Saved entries
-=-=-=-=-

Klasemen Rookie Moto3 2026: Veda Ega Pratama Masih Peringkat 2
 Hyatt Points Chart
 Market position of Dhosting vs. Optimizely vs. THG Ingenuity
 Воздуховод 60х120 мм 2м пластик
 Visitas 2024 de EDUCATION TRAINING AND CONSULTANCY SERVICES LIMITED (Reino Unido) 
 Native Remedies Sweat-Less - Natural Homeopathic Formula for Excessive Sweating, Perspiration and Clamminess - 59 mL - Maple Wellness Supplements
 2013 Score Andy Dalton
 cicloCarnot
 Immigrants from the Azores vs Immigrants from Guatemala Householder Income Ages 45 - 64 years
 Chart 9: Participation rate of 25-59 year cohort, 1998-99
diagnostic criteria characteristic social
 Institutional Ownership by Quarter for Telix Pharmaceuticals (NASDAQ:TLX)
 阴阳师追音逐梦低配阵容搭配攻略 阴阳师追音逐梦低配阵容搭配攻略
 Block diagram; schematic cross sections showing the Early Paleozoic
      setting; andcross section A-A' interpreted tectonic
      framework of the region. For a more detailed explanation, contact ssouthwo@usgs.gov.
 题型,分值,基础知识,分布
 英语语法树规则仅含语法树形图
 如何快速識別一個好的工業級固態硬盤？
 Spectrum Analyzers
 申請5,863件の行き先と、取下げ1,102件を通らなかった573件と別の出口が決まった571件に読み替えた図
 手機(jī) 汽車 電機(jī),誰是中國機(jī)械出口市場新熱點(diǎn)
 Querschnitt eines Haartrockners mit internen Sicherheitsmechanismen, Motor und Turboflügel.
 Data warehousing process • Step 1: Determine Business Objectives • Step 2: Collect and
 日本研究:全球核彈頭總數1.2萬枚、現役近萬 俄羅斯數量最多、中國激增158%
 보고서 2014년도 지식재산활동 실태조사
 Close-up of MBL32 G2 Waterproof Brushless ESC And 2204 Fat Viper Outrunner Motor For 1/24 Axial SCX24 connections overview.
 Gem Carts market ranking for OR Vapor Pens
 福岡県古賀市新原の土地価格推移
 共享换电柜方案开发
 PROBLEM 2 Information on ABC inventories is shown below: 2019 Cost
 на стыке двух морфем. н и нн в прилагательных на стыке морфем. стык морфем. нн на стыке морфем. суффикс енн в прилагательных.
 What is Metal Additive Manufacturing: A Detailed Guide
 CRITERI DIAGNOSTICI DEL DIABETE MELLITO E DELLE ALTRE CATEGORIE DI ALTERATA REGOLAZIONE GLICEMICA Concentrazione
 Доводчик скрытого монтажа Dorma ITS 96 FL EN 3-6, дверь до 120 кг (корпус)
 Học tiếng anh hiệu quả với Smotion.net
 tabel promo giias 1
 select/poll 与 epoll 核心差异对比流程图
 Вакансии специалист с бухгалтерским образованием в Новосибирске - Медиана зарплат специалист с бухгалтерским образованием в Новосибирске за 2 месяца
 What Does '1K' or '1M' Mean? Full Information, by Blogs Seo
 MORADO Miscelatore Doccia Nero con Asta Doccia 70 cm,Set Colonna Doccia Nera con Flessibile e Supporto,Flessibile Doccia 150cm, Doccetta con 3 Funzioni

-=-=-=-=-

WHAT YOU ARE ASKED TO DO ::
The line containing "CRITERI DIAGNOSTICI DEL" and all lines after it, through the last line of the data, should be retyped exactly.

TASK OUTPUT ::
 CRITERI DIAGNOSTICI DEL DIABETE MELLITO E DELLE ALTRE CATEGORIE DI ALTERATA REGOLAZIONE GLICEMICA Concentrazione
 Доводчик скрытого монтажа Dorma ITS 96 FL EN 3-6, дверь до 120 кг (корпус)
 Học tiếng anh hiệu quả với Smotion.net
 tabel promo giias 1
 select/poll 与 epoll 核心差异对比流程图
 Вакансии специалист с бухгалтерским образованием в Новосибирске - Медиана зарплат специалист с бухгалтерским образованием в Новосибирске за 2 месяца
 What Does '1K' or '1M' Mean? Full Information, by Blogs Seo
 MORADO Miscelatore Doccia Nero con Asta Doccia 70 cm,Set Colonna Doccia Nera con Flessibile e Supporto,Flessibile Doccia 150cm, Doccetta con 3 Funzioni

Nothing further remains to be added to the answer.